We don’t know if Astor stood out in his own breed, but he is remembered today for having fathered the litters of two Vizsla lasses, and thus sired the foundation of the Drótszőrű Magyar Vizsla, or Wirehaired Vizsla (drótszőrű meaning “wirehaired,” and “Magyar” the Hungarian word for Hungarian).
“It seemed like a good idea at the time,” is typically the phrase used to justify an action that turned out poorly, but the “good idea” that breeder, József Vasas (Csaba Vizsla Kennel) had back in the 1930s really was a good idea that has endured.
We should go back to the beginning when Vasas formally initiated the development of his Wirehaired Vizsla idea by submitting an application to the Hungarian Vizsla Klub with a proposed outline. Few readers will be surprised that his idea created controversy in the club, but some members agreed to try to develop the breed. Vasas joined forces with Laszlo Gresznarik of de Salle German Wirehaired Kennel to create dogs that had the wiry coat and stronger boned frame of one breed with the versatile athleticism of the other. From the Wirehaired Vizsla Club of America: “The first individuals with three-generation pedigrees fulfilled the dream by inheriting the color and other characteristics of the Vizsla while at the same time passing along the somewhat heavier bone structure and wiry multi-layered coat of the German wirehaired pointer. Dia de Selle was the first WHV to be shown on June 6, 1943.”

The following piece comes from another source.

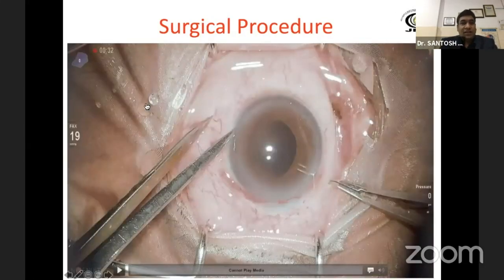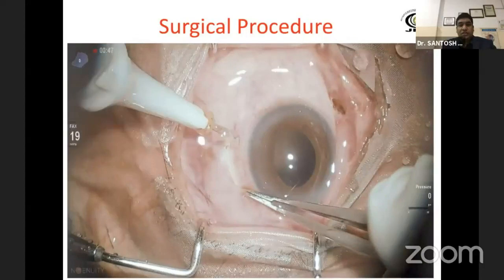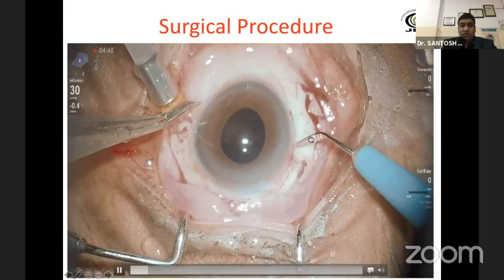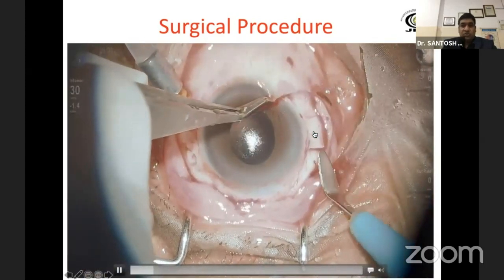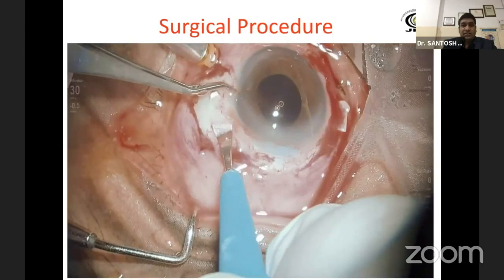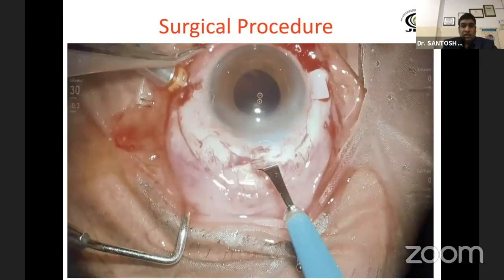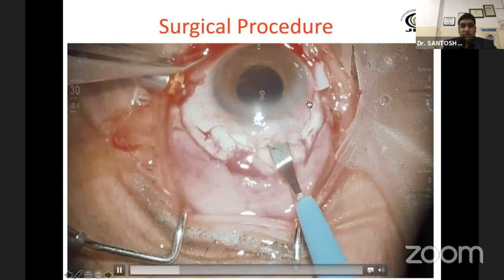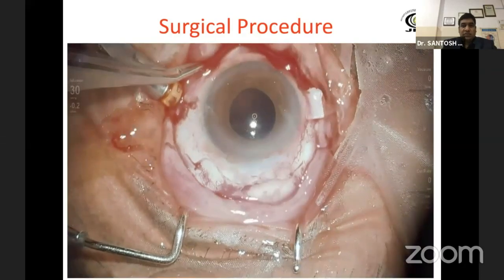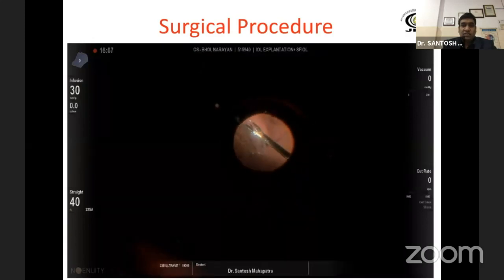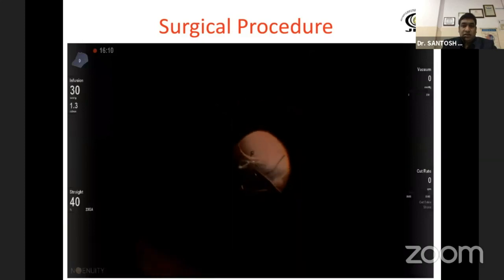Here is the example of a surgical procedure. This is a case of a dislocated IOL into the vitreous cavity. I am making flaps here at 3 and 9 o'clock position with the tunnel blade on both sides. After making flaps, the sclerocorneal tunnel is made at 12 o'clock position. This facilitates both removal of the IOL and insertion of a 3-piece IOL. You can see a foldable IOL is on the retina.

When reviewing breed history, some sources inject the name of Koloman Slimák, himself a breeder, judge, and hunter, who took what Vasas and Gresznarik had started and ran with it. Sources vary on what other breeds Slimák used to further develop the Wirehaired Vizsla, but many of them believe the Irish Setter, Pointer, and more GWPs were included. The breed club in the United States makes no mention of Slimák that we could find.
Ultimately, efforts resulted in an easy to train gun dog with a strong desire to please.The WHV is very birdy, and has a strong pointing instinct. Dogs retrieve naturally, take to water readily, and tend to hunt close to their boss, always keen to stay in contact. Owner/hunters revel in their dogs’ relaxed pace that translates into a full day of hunting, day after day. One person employed at a hunting lodge was quoted as saying, “I’d grown immune to hunting because it’s part of my work here at the lodge. But since I got my WHV…I’ve developed an enthusiasm for hunting like I’ve never had before, not even years ago when I got my first dog. I’m actually disappointed when a guest wants to hunt with my flusher instead [of my Wirehaired Vizsla].”
The Wirehaired Vizsla was accepted by that name by the FCI in 1966, but when WHVs were first imported into the United States in the 70s by Charles Newman, he called them “Uplanders” because of the breed’s origins in the upland region of northern Hungary. The name didn’t stick. The Wirehaired Vizsla was recognized by that name everywhere else, and the AKC denied the request to recognize it by the “Uplander” moniker. When the North American Versatile Hunting Dog Association (NAVHDA) recognized the breed in 1986, it was as the Wirehaired Vizsla.
The breed became eligible to compete in the AKC’s Sporting Group in 2014.